Liv Grace
5 Min Read

Understanding Fuelling TDEE and your Metabolism
Full TDEE chart - Click here
To improve your physique, energy and overall health, it's crucial to understand how your body uses energy.
This is where TDEE (Total Daily Energy Expenditure) and metabolism come into play...
WHAT IS TDEE?
TDEE stands for Total Daily Energy Expenditure
It is the total number of calories your body burns in a day from everything you do.
This includes
Staying alive (breathing, organs functioning)
Moving throughout the day
Training
Digesting food
This is the foundation of fat loss, maintenance and muscle gain as well as optimising performance.


HOW MUCH ENERGY DOES YOUR BODY REQUIRE?
Your energy needs are individual and influenced by
Muscle mass
Activity levels
Lifestyle
Age and sex
This is why two people can eat the same thing and get completely different results
WHAT MAKES UP TDEE? (WITH % BREAKDOWN)
Your TDEE is made up of four key components
1. BMR (Basal Metabolic Rate) ~60–70%
The energy your body uses at rest
This is your largest contributor and is influenced by muscle mass, genetics and body size.
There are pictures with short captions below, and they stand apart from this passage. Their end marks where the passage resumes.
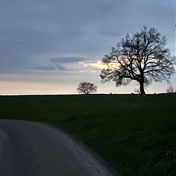 vollverhexxt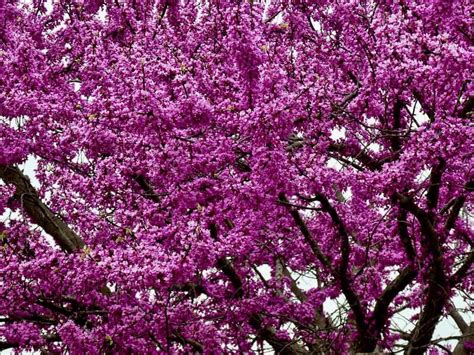 15 Beautiful Flowering Ornamental Trees for USDA Zone 5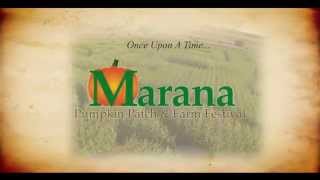 Marana Pumpkin Patch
Think breathing, cell and organ function, just existing at rest to keep you alive!!!
2. NEAT (Non-Exercise Activity Thermogenesis) ~15–30%
All movement outside of training!
Steps, walking, daily activity, work, thinking picking up a remote or putting away dishes.
This is one of the most underrated drivers of energy use!
3. TEF (Thermic Effect of Food) ~10%
Energy used to digest food! Yep it cost the body energy to have energy!
Protein has the highest thermic effect.
This means it requires more energy to break down; about 30% of the calories in protein are used just to unlock it to the body.
Carbs and Fats being signifcantly easier for the body to use without it costing alot of energy.
4. Exercise Activity ~5–10%
Your structured training and workouts!
Often overestimated....
Training is important, but it’s not the biggest contributor to daily energy burn...
This is where resistance training actually influences BMR the most by creating and keeping expensive cells that need more energy and calories at rest.... MUSCLE!
SO....WHAT IS METABOLISM?
Metabolism is the all chemical reactions in your body that keep you alive
It happens every second of every day.
And it is adaptive, so it can indeed speed up or slow down. How effectively the body uses energy and facilitates these reactions.
This means it responds to your environment
In a calorie surplus → metabolism can increase (upregulation)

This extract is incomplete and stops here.